Freies Denken, freies Schreiben oder
Schreiben ohne Marketingzwang
Neujahrsempfang 2026 des Autorenkreises Würzburg
Einmal im Jahr berichtet der Verein Autorenkreis Würzburg einem interessierten Publikum, über das vergangene Jahr und gibt eine Vorschau aufs kommende Jahr. Am zweiten Sonntag im Januar war die Stadtbibliothek im Falkenhaus bereits zum 15. Mal Gastgeberin des Neujahrsempfangs.
Die sachliche Gemütlichkeit, die das neu gestaltete Lesecafé verströmt, harmonierte mit den nüchternen Aufzählungen der Buchveröffentlichungen und der literarischen Live-Auftritte des Autorenkreises (AK) im Jahr 2025. Auf kompaktem Raum und in zeitlich dichter Folge, erlebten die rund 50 Besucher aber auch die Kostproben, die acht der 16 Mitglieder boten.
Ohne Marktzwänge oder verlegerische Marketingstrategien zeigten sich die Autoren einmal mehr in erstaunlicher sprachlicher und thematischer Bandbreite.
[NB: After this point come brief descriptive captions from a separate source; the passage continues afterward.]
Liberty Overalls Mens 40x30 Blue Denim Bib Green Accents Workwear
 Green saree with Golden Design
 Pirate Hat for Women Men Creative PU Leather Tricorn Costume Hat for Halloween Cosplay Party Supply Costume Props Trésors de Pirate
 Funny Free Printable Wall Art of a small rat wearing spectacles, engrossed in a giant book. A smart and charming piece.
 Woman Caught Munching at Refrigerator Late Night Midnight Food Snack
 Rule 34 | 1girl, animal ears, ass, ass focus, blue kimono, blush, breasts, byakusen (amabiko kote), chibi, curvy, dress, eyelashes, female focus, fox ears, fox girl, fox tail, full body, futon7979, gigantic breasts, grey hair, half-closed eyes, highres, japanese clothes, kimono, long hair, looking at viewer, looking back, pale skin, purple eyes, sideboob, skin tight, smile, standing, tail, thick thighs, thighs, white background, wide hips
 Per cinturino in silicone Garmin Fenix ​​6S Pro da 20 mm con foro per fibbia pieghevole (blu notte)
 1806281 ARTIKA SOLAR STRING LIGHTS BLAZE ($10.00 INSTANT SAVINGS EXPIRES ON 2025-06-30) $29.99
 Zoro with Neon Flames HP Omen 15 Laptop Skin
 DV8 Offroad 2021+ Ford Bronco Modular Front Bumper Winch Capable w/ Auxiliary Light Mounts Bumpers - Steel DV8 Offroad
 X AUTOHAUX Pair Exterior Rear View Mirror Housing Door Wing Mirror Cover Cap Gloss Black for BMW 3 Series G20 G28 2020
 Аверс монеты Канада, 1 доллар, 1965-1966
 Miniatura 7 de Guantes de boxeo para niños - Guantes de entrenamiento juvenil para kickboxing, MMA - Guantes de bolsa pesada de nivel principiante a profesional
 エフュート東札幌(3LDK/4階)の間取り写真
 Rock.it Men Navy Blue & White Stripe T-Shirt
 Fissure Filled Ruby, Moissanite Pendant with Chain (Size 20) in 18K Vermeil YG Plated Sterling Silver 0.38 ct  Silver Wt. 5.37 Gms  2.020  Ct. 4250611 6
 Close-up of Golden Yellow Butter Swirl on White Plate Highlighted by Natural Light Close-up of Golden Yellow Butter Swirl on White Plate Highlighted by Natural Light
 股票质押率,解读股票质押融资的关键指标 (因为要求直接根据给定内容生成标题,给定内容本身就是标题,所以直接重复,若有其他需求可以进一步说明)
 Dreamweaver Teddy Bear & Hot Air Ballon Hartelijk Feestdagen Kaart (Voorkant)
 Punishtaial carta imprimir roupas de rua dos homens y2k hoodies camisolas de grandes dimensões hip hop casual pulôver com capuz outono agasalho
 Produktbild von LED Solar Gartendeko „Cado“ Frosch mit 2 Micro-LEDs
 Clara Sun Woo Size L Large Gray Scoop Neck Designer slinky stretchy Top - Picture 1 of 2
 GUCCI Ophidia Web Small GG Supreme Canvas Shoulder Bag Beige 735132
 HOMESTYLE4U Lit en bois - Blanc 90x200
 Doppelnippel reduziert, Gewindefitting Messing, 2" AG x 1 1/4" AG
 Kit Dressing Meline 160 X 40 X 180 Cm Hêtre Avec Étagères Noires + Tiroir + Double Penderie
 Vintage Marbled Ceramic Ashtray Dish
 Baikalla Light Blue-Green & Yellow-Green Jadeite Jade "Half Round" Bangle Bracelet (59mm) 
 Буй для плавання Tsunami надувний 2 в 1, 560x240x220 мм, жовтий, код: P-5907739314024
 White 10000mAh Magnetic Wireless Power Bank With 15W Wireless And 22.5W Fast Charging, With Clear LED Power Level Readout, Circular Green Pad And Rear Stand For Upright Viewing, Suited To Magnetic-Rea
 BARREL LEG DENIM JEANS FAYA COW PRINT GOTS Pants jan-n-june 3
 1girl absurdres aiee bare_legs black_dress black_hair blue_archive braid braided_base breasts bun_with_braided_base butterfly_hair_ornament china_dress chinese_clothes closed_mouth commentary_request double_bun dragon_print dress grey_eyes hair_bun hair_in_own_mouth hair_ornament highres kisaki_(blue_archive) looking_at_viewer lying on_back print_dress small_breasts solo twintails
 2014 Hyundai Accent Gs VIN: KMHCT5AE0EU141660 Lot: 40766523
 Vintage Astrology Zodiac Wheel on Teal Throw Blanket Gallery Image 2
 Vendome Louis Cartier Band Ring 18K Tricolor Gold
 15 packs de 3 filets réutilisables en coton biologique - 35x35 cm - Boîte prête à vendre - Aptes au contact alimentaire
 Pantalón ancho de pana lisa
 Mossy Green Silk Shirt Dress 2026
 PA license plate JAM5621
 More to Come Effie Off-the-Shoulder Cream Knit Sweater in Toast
Keiner muß einem Mainstream hinterherschreiben oder sich einem strategisch denkenden Lektorat unterwerfen. Keiner der Autoren ist finanziell abhängig vom materiellen Erfolg, weil alle ihr Geld mit anderen ehrbaren Berufen verdienen. Die Freiheit des künstlerischen Schreibens bleibt folglich unbeschnitten. Dennoch – oder gerade deswegen – spürten die Gäste die Ernsthaftigkeit und Seriosität, die hinter den Werken stecken.
Da spiegelten sich (Lebens-)Erfahrungen und eigene Gefühle in den Gedichten von Marina Maggio wider, da tauchten in mainfränkischer Mundart geadelte Alltagsphilosophien von Andreas Arnold auf, da lagen seriöse, hebräisch-deutsche Übersetzungen von Amadé Esperer in der Luft. Real Erlebtes von Johannes Jung und Magnus Kuhn fesselte die Zuhörer, und die fiktiven Welten, die Kirsten Nähle und Hanna Haag in ihren Romanen erschufen, trafen auf aufmerksame Ohren; dazu ein heiteres Memoirenkapitel des moderierenden AK-Organisators Rainer Greubel.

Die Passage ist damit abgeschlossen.